- An overall quiet session in the corn market as market participants squared positions and prices consolidated prior to Friday’s USDA Crop Production and Supply/Demand reports. December futures had an 8-cent trading range, finishing with small gains on the session.
- Friday’s USDA report will be anticipating potential yield changes with this summer’s overall dry weather. Expectations are for yield to be lowered to 175.5 bushels/acre, which reduce carryout to 2.162 billion bushels. The USDA could make some demand adjustments, as demand has been lacking.
- Weekly export sales were improved for new crop corn sales at 29.9 mb, and old crop at 5.9 mb. Mexico was the largest buyer of US corn last week. Though sales improved, new crop sales are still trending below last year’s pace at this time frame on soft demand tone.
- Brazil’s CONAB raised their forecast for Brazil corn production to 129.96 MMT vs 127.77 MMT. This is an increase of 86.2 million bushels. Corn exports were targeted at 50 MMT.
- The weather forecast remains non-threatening going into the second half of August with temperature forecasted to stay near normal with rainfall to be normal to above-normal for much of the Corn Belt.
- Soybeans began the day higher but declined and ended mixed with the two front months lower but the deferred contracts higher. Soybean oil was also bear spread but soybean meal was higher. Trade has been relatively quiet ahead of tomorrow’s WASDE report.
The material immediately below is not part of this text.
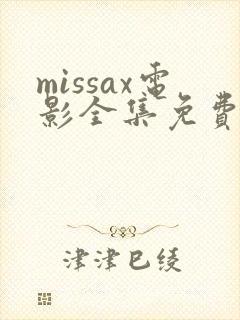 missax电影全集免费观看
- Expectations for tomorrow’s USDA report are for the national soybean yield to fall to 51.2 bpa from 52.0 bpa in the last report, and new crop ending stocks to fall to 261 mb from 300 mb in the last report. The USDA’s yield estimates may end up incorrect, especially after the recent and forecasted rains.
- Malaysian palm oil futures were down 1.17% today, and palm oil is now cheaper than both soybean and sunflower oil by $100 to $150 per metric ton which has incentivized India to import 60% more palm oil in July than in the previous month.
- The US has become more competitive with Brazil for soybean exports in the fall, and the recent string of Chinese purchases from the US has been encouraging. Yesterday, another sale was announced for the 23/24 marketing year of 9.2 mb.
- The USDA reported an increase of 20.9 mb of wheat export sales for 23/24, a marketing year high, but a decrease of 0.2 mb for 24/25.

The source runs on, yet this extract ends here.